Caption-style text data:
╔══
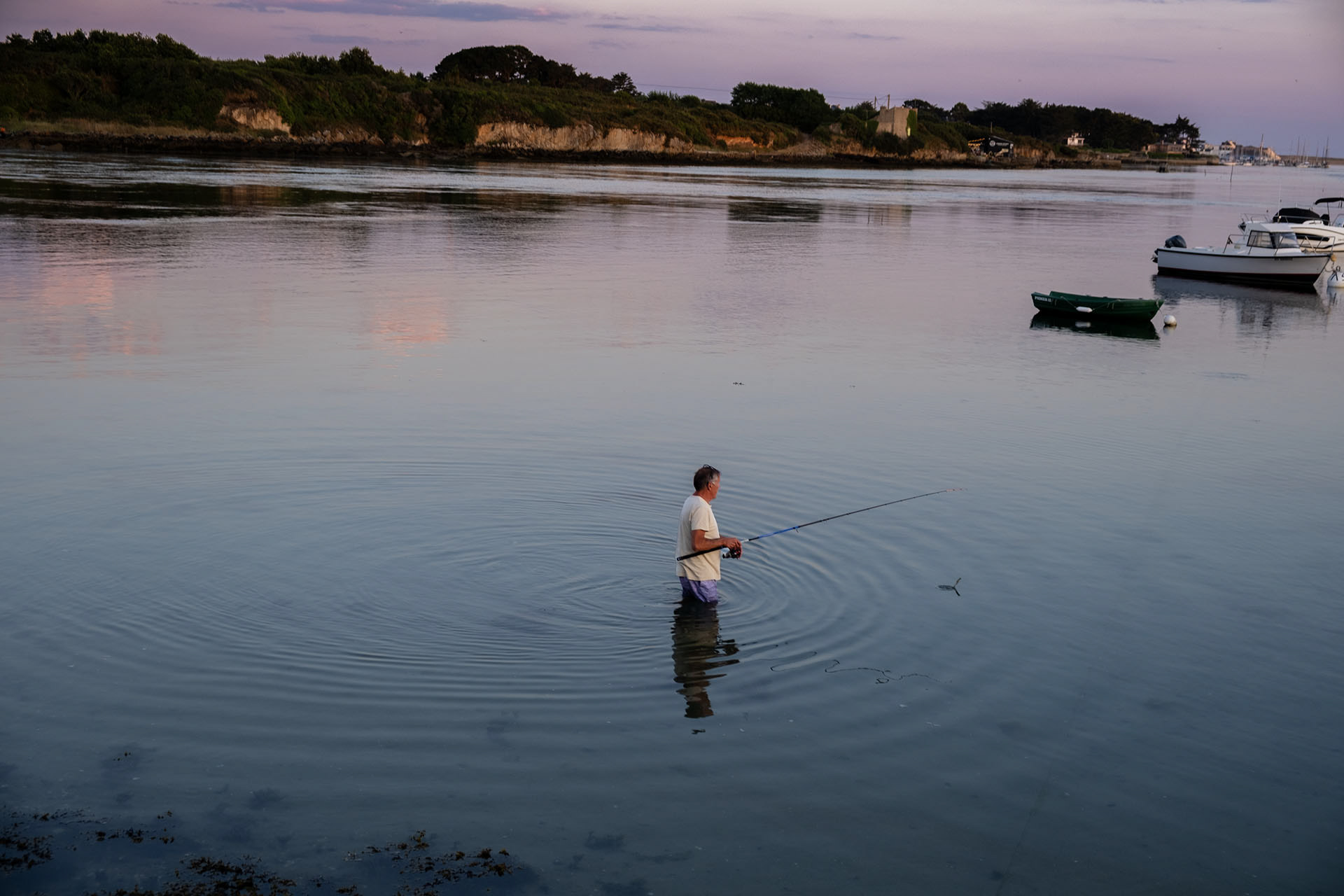 Pêche en eau profonde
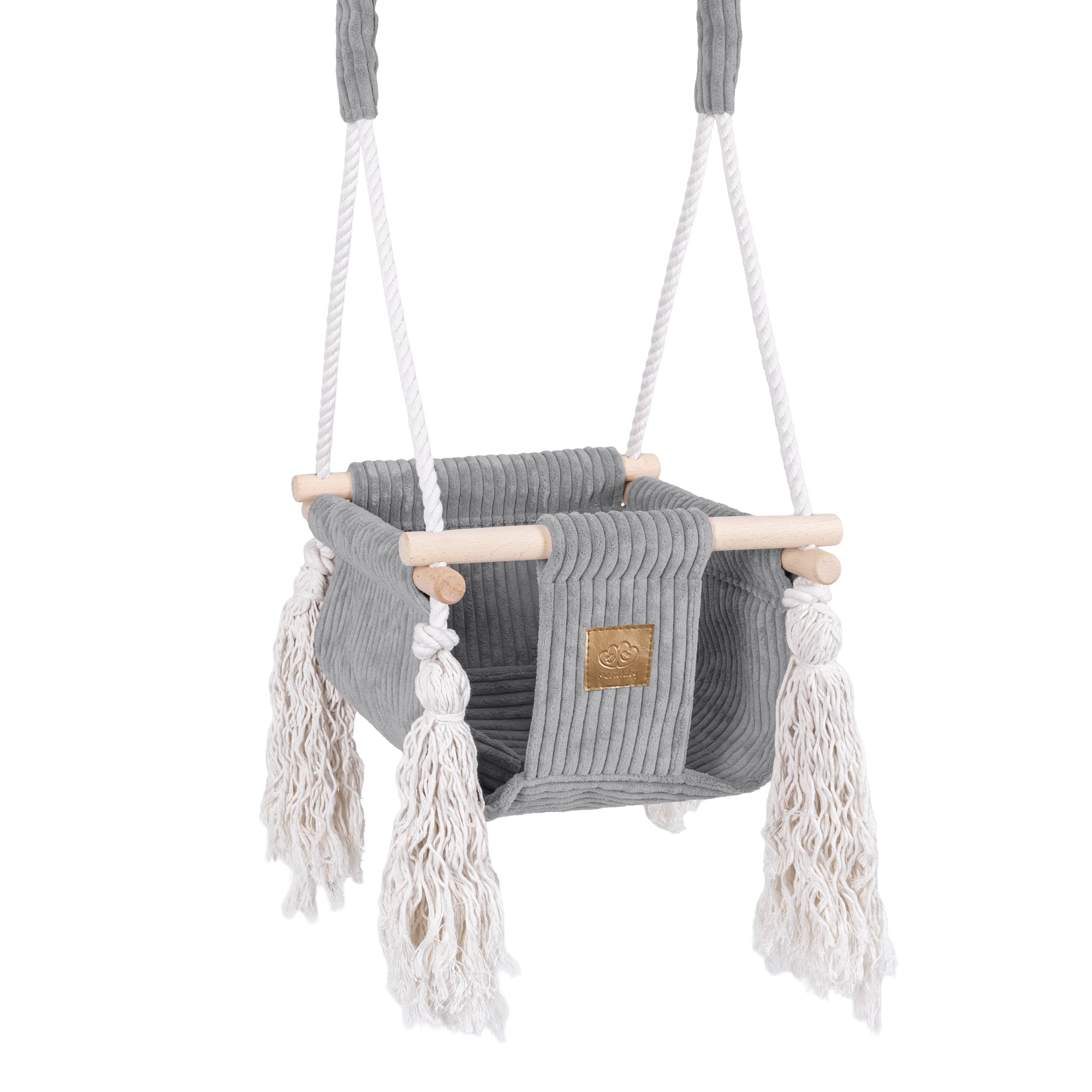 Meowbaby Aesthetic Square Swing – Huśtawka dla Niemowląt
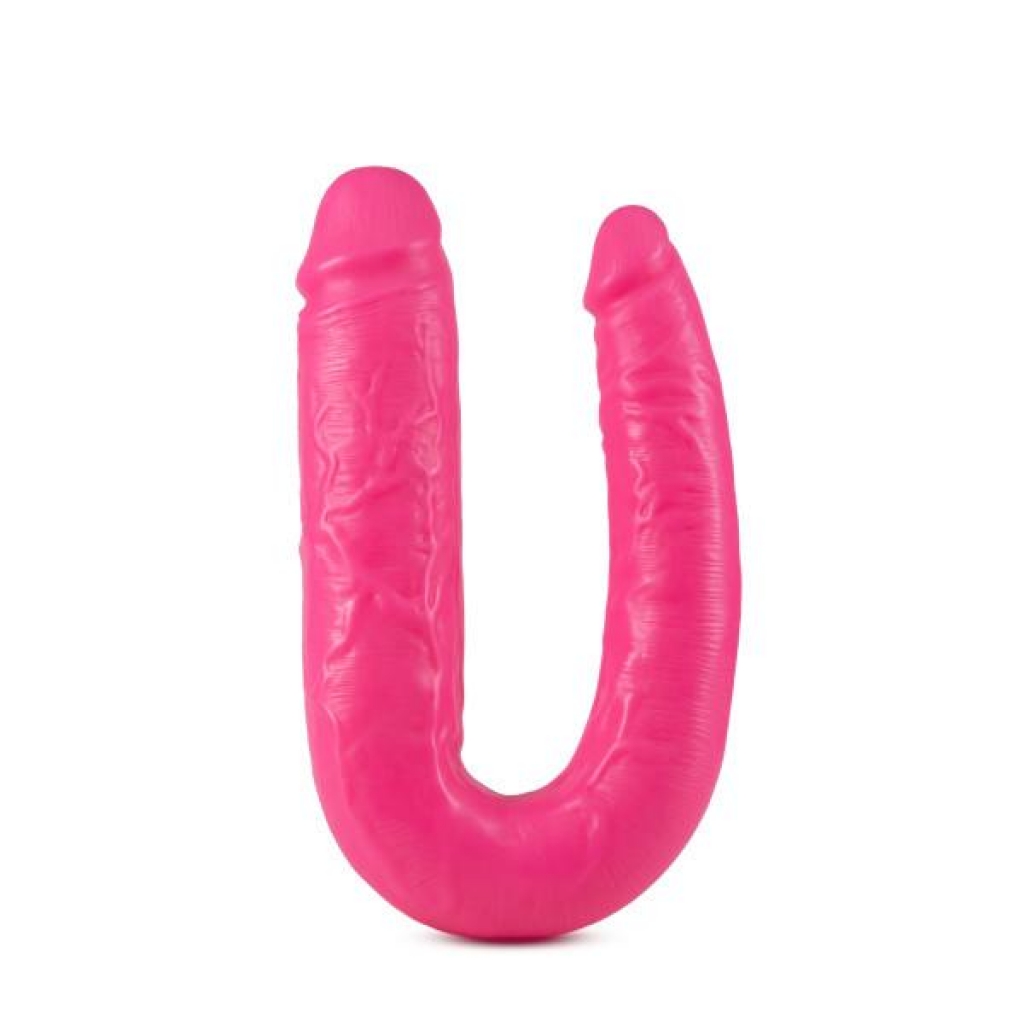 Big As Fuk 18 inches Double Headed Cock Pink - Blush Novelties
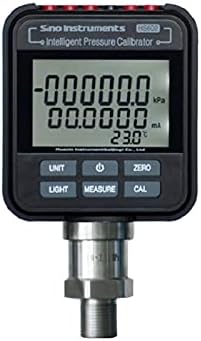 HS602 Digital Pressure Gauge Manometer with 0.025% F.S Accuracy (-1~0bar)
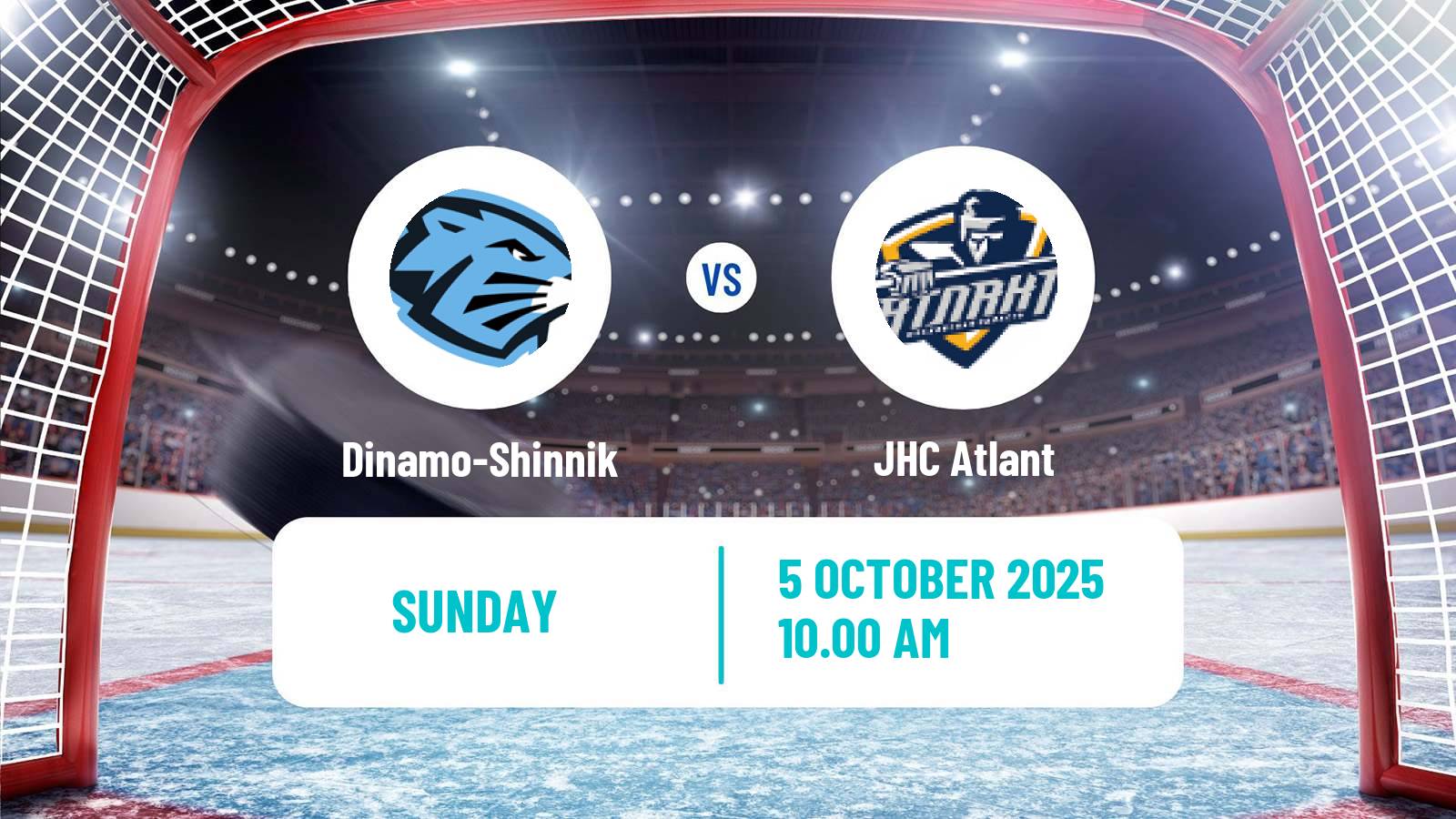 Hockey MHL Dinamo-Shinnik - Atlant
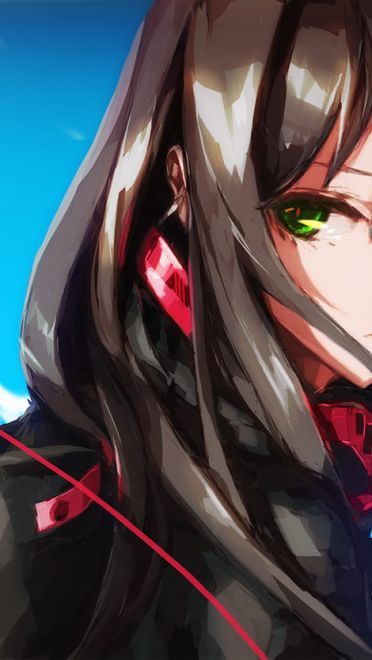 自然最美 黑长直小姐姐电脑壁纸(1)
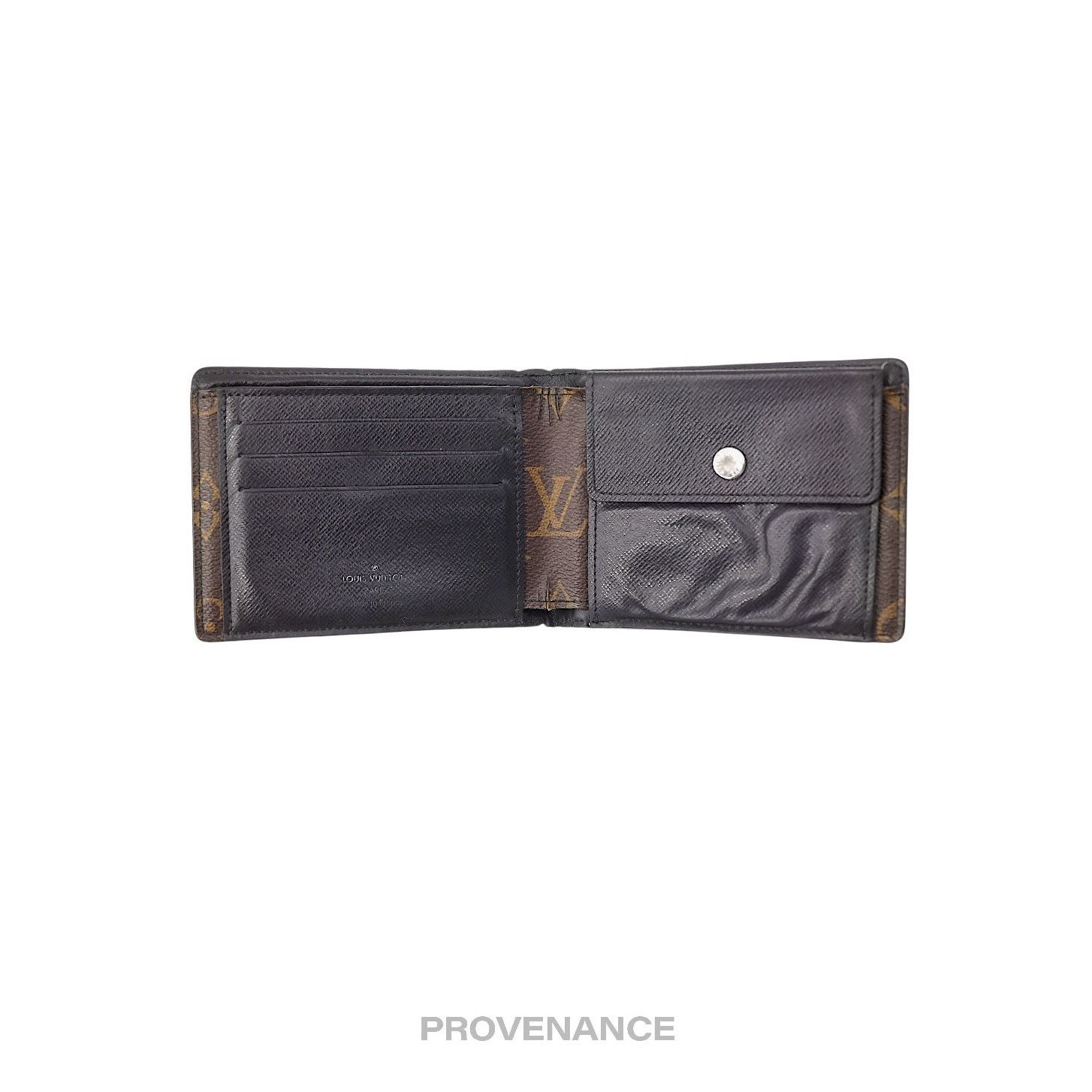 Louis Vuitton 🔴 Louis Vuitton Mindoro Bifold Wallet - Monogram Macassar Size ONE SIZE - 6 Thumbnail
╚══
# Exercise instructions
Give back every record above exactly as written, skipping each picture.

# Exercise result
 Pêche en eau profonde
 Meowbaby Aesthetic Square Swing – Huśtawka dla Niemowląt
 Big As Fuk 18 inches Double Headed Cock Pink - Blush Novelties
 HS602 Digital Pressure Gauge Manometer with 0.025% F.S Accuracy (-1~0bar)
 Hockey MHL Dinamo-Shinnik - Atlant
 自然最美 黑长直小姐姐电脑壁纸(1)
 Louis Vuitton 🔴 Louis Vuitton Mindoro Bifold Wallet - Monogram Macassar Size ONE SIZE - 6 Thumbnail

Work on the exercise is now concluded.